スイミング・プール(2003年製作の映画)
3.8
「まぼろし」「8人の女たち」と秀作が続いたオゾン監督作。フランス映画、プール、殺人・・・と聞いて、アンリ・ジョルジュ・クルーゾー監督の「悪魔のような女」を思い浮かべた方もあったのではないだろうか。しかし本作はそんな本格ミステリーじみた設定はどうでもよい。それよりも、興味と好奇心をきっかけにその人の裏側にある事実や人間関係、人そのものを知っていくことが、推理小説のようにミステリアスでスリリングだ。

 ミステリー小説家サラは、新作の執筆のため、南仏プロバンスにある別荘を訪れる。そこは出版社社長の家。小説家らしく一人でいることを好むサラだが、その家に社長の娘と名乗るジュリーが現れる。若い肉体をもてあますような奔放なジュリーの言動に苛立つサラだったが、次第にジュリーに関心を抱いていく・・・。いつしか観客もサラと共に謎めいた空気の中へと足を踏み込んでいく。淡々と進んでいく物語だが、決して目をそむけられない。

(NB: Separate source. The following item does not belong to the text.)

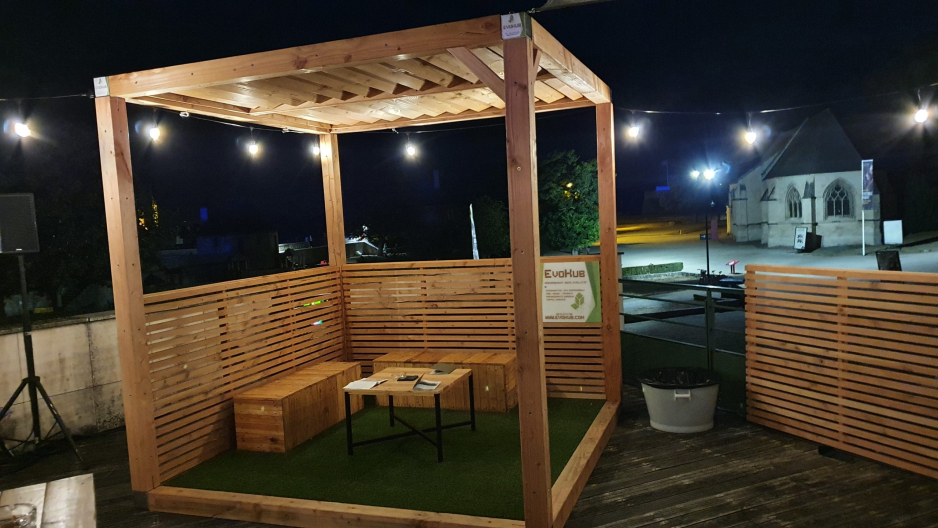 Location espace détente extérieur #ED1 Vue de nuit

 オゾン映画に出てくる女優さんはみんな魅力的だ。他のオゾン映画でもヒロインであったランプリングとサニエ共演というだけでも惹かれる。特にランプリングが”嫌な女”から変貌を遂げる様は見事!。プールサイドで寝そべる二人それぞれの傍らに違う男が立って見つめる場面が出てくる。その対比も面白いのだけど、足先からずーっと動くカメラが不思議といやらしくないのだ。例えばロジェ・バディムの映画の舐めるような視線とは全然違う。「まぼろし」の時も書いたけど、美しく年齢を重ねるというのはこういうことなのかな、とシャーロット・ランプリングを見るといつも思う。オゾン監督の視線は、若いサニエと対比することでそれを称えているようだ。前2作程は満足できなかったりもしたけれど、美しい女性を観る喜び・・・それを満喫させてくれた2時間。やっぱり僕は女優ぬきに映画を観られない人間のようだ。